The kingdom conducted the largest-ever emerging market bond sale on Wednesday, selling $17.5 billion of debt in the government’s first international offer while attracting investor orders totalling almost four times that amount.
Demand was larger and pricing tighter than expected. London-based Capital Economics estimated the issue would finance around a third of next year’s state budget deficit and almost all of the kingdom’s current account gap, meaning its foreign exchange reserves were unlikely to fall much further in coming years.
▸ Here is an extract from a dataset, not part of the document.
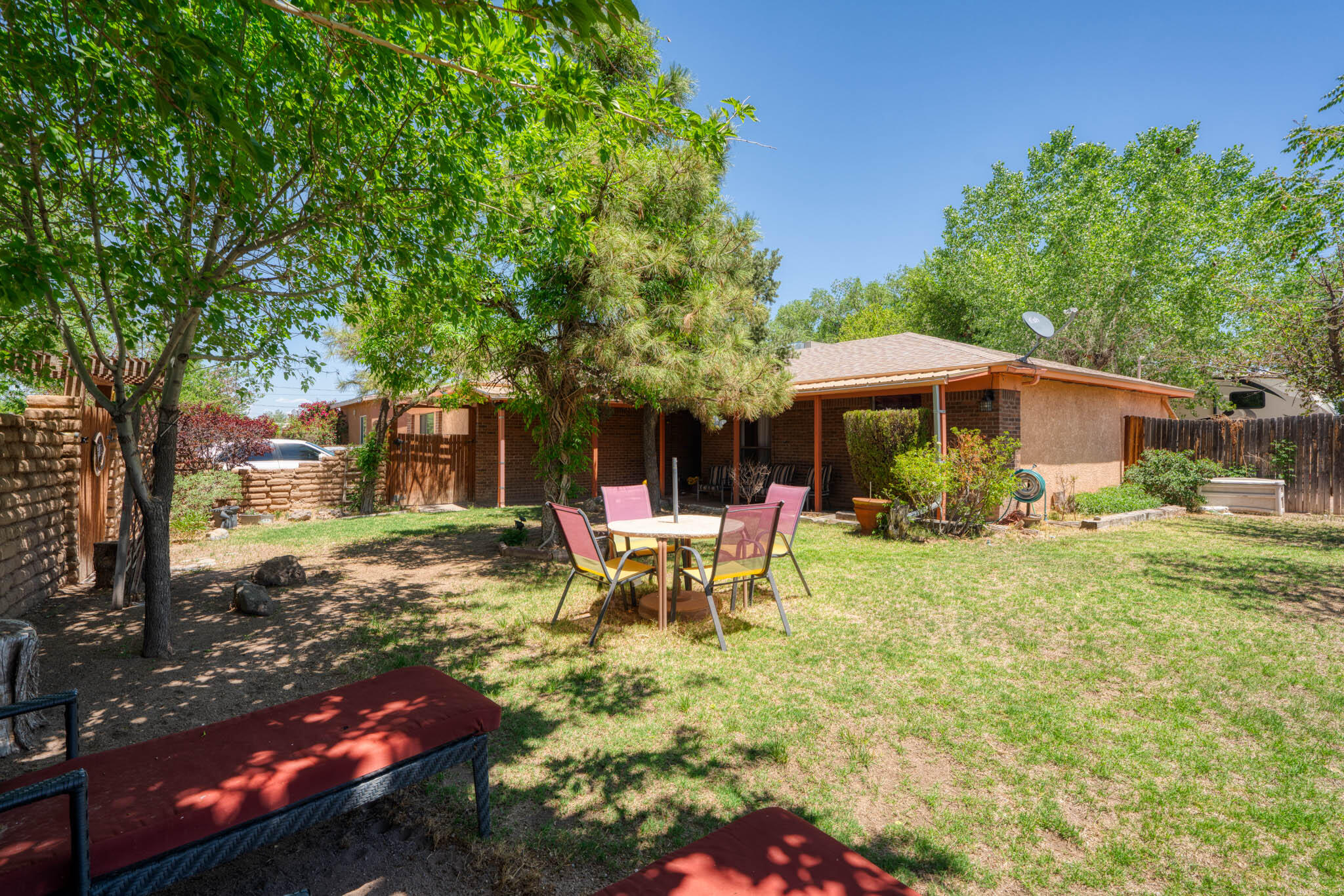 This charming North Valley home is ready for new owners! This great property offers, 3 bedrooms, 1.75 baths, 2 living areas and 1,735 SQFT. Updates include: a new front porch(2023), laminate flooring (2023), Carpet (2025) and a roof (2020). Enjoy outdoor living with the covered patio, backyard access, and two storage sheds. The front courtyard features beautiful exposed Adobe, perfect for creating a private retreat. Additional highlights include a new water heater (2024), a gas stub for the backyard patio, and a Master Cool system. Conveniently located less than a mile from I-40 on a desirable corner lot, this property is not within an HOA or PID restrictions. Don't miss out on this amazing opportunity!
Subsequently, Finance Minister Ibrahim Alassaf said in a televised interview that state payments to construction firms would increase in the coming period and that delays in the payments were merely due to “technical reasons”.
Saudi Arabia’s general market index is one of the worst-performing in the world so far this year; it is down 20.1 percent year-to-date, suggesting some room for recovery if sentiment improves.
Saudi Electricity Co may attract interest on Thursday after reporting a 50.8 percent jump in third-quarter net profit to 4.40 billion riyals ($1.17 billion); NCB Capital had forecast 1.90 billion riyals.
However, the second-largest telecommunications operator, Etihad Etisalat (Mobily), may drop after it missed analysts’ estimates by a large margin. The company ended three straight quarters of profits and made net loss of 167.7 million riyals, compared with a loss of 158.3 million riyals in the prior-year period; analysts had forecast Mobily would make a quarterly net profit of 15.06 million riyals on average.
Rival Saudi Telecom Co also reported lower profits in the third quarter. It made a profit of 2.15 billion riyals, down 7.5 percent but in line with expectations.
Saudi International Petrochemical (Sipchem) missed estimates with a net loss of 59 million riyals versus a net profit of 71.6 million riyals a year earlier. The average forecast of three analysts had been for a 30.6 million riyal profit.
But shares in other petrochemical producers may remain firm as Brent futures rallied almost 2 percent on Wednesday because of a drawdown in U.S. inventories and expectations for an OPEC-led cut in production.
Construction firm Abdullah Abdul Mohsin al-Khodari and Sons reported a wider third-quarter net loss of 47.76 million riyals, compared to loss of 14.3 million riyals in the year-earlier period; EFG Hermes had forecast a loss of only 19.5 million riyals.